■ Directions: Extract every record, exactly as written, and ignore the pictures.

Captioned web images
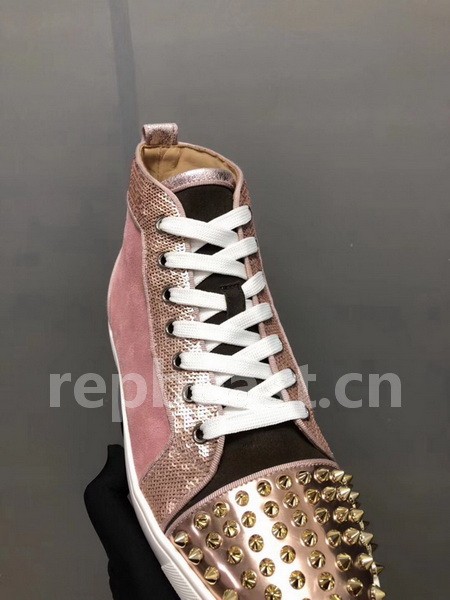 Super Max Christian Louboutin Shoes-959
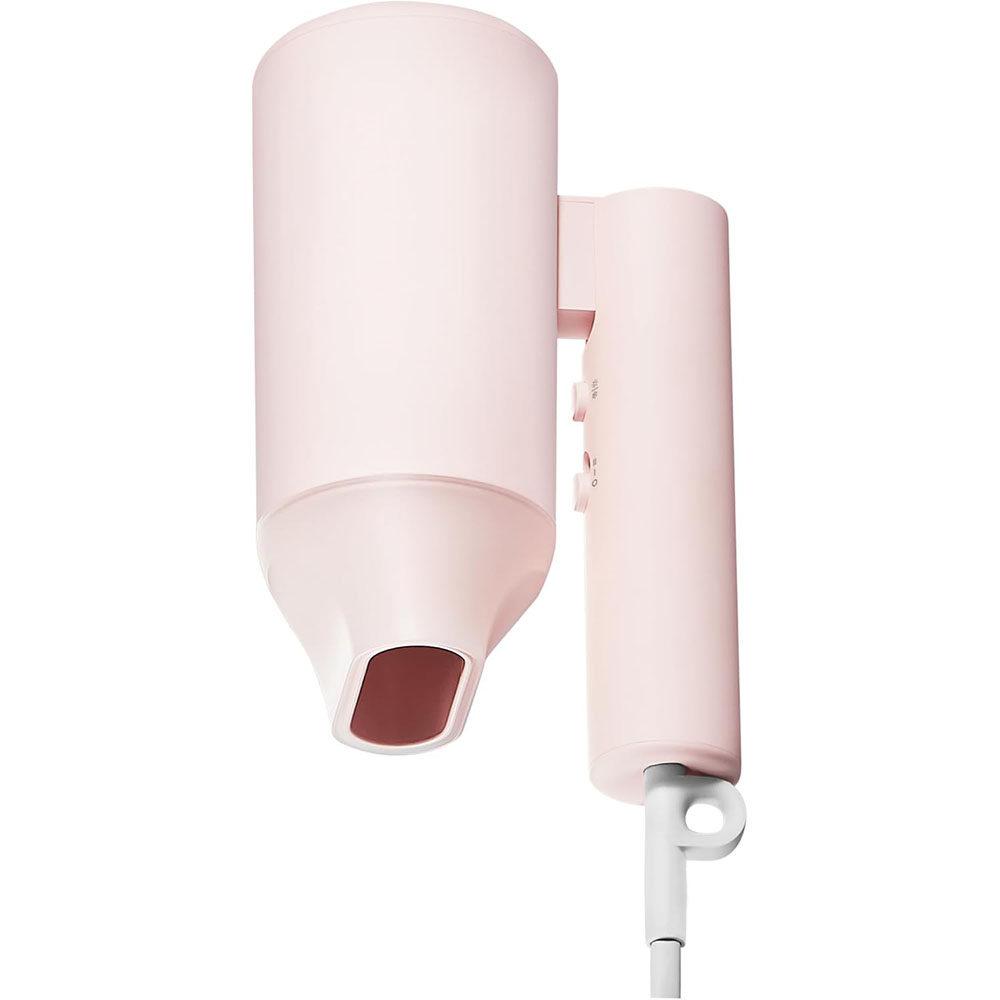 Fen za kosu Xiaomi Xiaomi Compact Hair Dryer H101 pink
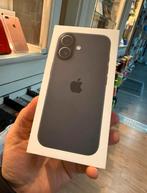 iPhone 17 – 256GB – Zwart– NIEUW IN DOOS _ 256GB, Ophalen of Verzenden, Phone Doctor M&S, Phonedoctorms@gmail.com, 6431ht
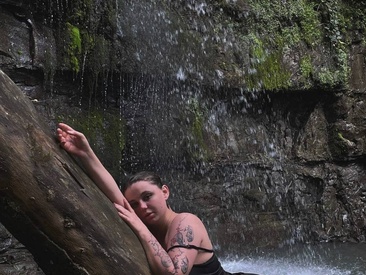 Recent Screen Shot of LunaMoonstar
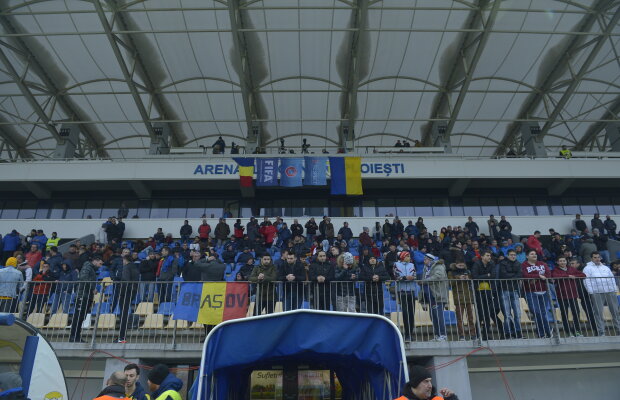 "Tineretul" atrage peste tot! Mii de bilete vândute pentru meciul de mâine: casele s-au deschis de azi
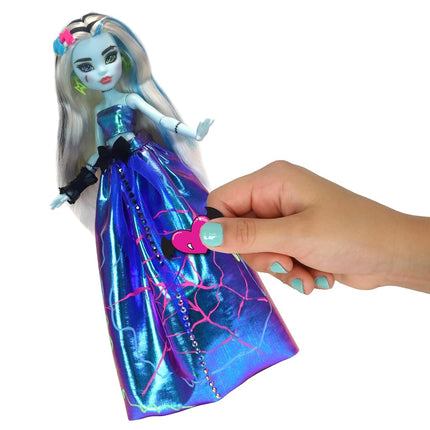 Monster High Fangtastic Fashion Designer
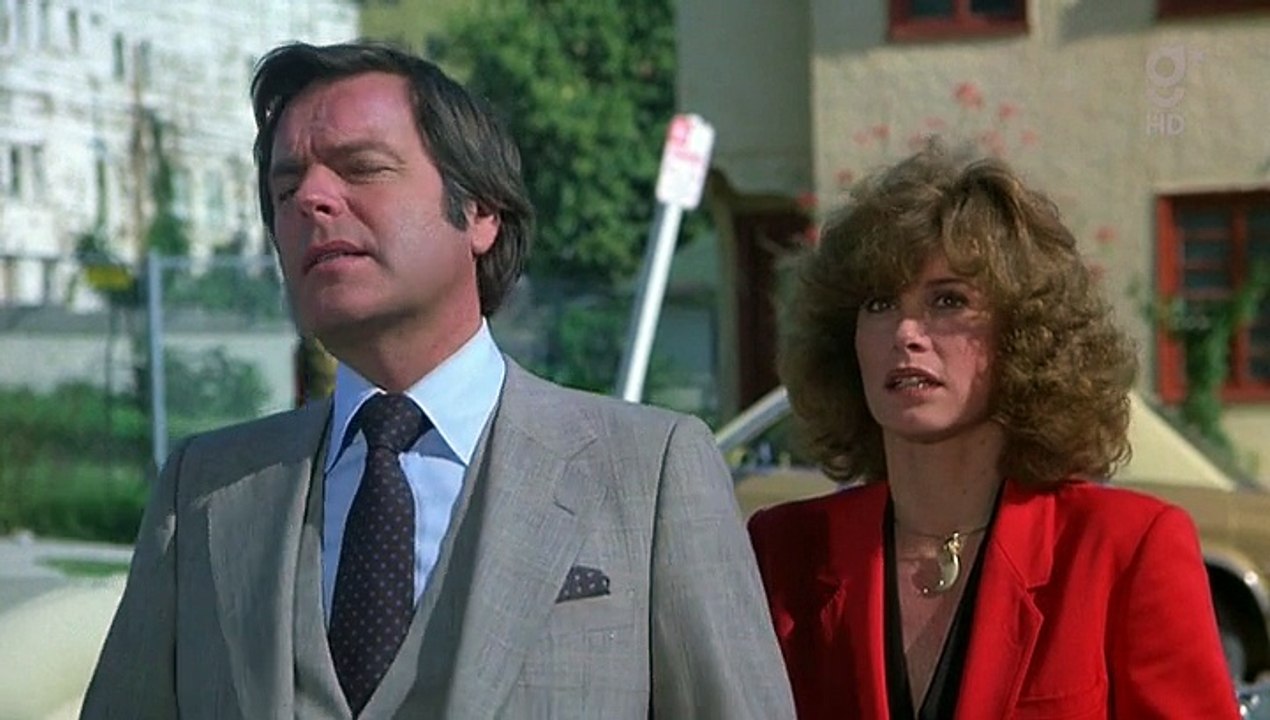 Hart aber Herzlich S01E18 Der sechste Sinn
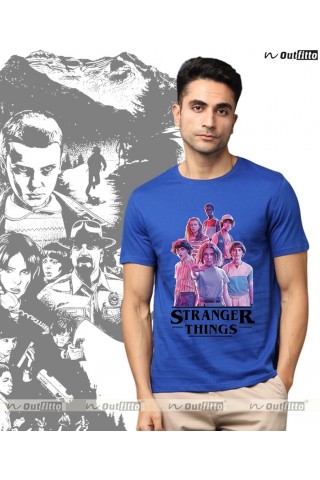 Stranger Things - 10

■ Exercise output:
 Super Max Christian Louboutin Shoes-959
 Fen za kosu Xiaomi Xiaomi Compact Hair Dryer H101 pink
 iPhone 17 – 256GB – Zwart– NIEUW IN DOOS _ 256GB, Ophalen of Verzenden, Phone Doctor M&S, Phonedoctorms@gmail.com, 6431ht
 Recent Screen Shot of LunaMoonstar
 "Tineretul" atrage peste tot! Mii de bilete vândute pentru meciul de mâine: casele s-au deschis de azi
 Monster High Fangtastic Fashion Designer
 Hart aber Herzlich S01E18 Der sechste Sinn
 Stranger Things - 10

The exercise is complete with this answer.